Francis directs our thoughts, our will, and our vision to the created world, whose beauty we can see and whose creatures we can love. For Francis, God does not play a game of hide-and-seek in creation, since God is brilliantly present for those who open their eyes, their minds, and their hearts. In this brief canticle, Francis directs our attention not to God’s own self, but to the created world, to Brother Sun, Sister Moon, Sister Star and Brother Wind. To the question, “Does God exist?” Francis replies, “Contemplate creation.” To the question, “Can a human person know anything about God?” Francis again replies, “Contemplate creation.” If God’s love, power, goodness, praise, beauty, honor, and blessing are the birthplace of creation, then all of creation reflects, in a limited way, God’s love, power, goodness, praise, beauty, honor, and blessing.

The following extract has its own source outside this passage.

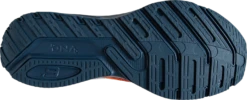 BROOKS Men’s Launch 9 (854 - Flame/Titan/Crystal Teal) -Brooks Shoes Shop 4D9C48DA B510 444F 8628 765DD55AC0EB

Francis studied creation, but he did so in a special way. Francis did not view creatures, such as the sun, moon, stars, wind, air, water, fire, and earth, simply as useful tools. Francis did not use creation in order that Francis himself could praise God. Francis is not saying “I, Francis, praise you, God, when I see my Brother Sun and my Sister Moon.” Rather, Francis in his contemplation of creation sees that the sun, moon, stars, wind, air, water, fire, and earth are themselves already praising God. These creatures give praise to God simply by their own existence. In Francis’s spirituality, he realized that all creatures are praising God, and in the creatures’ praising of God, human beings are able to catch at least a brief glimpse of the beauty, majesty, and love which describe who God truly is.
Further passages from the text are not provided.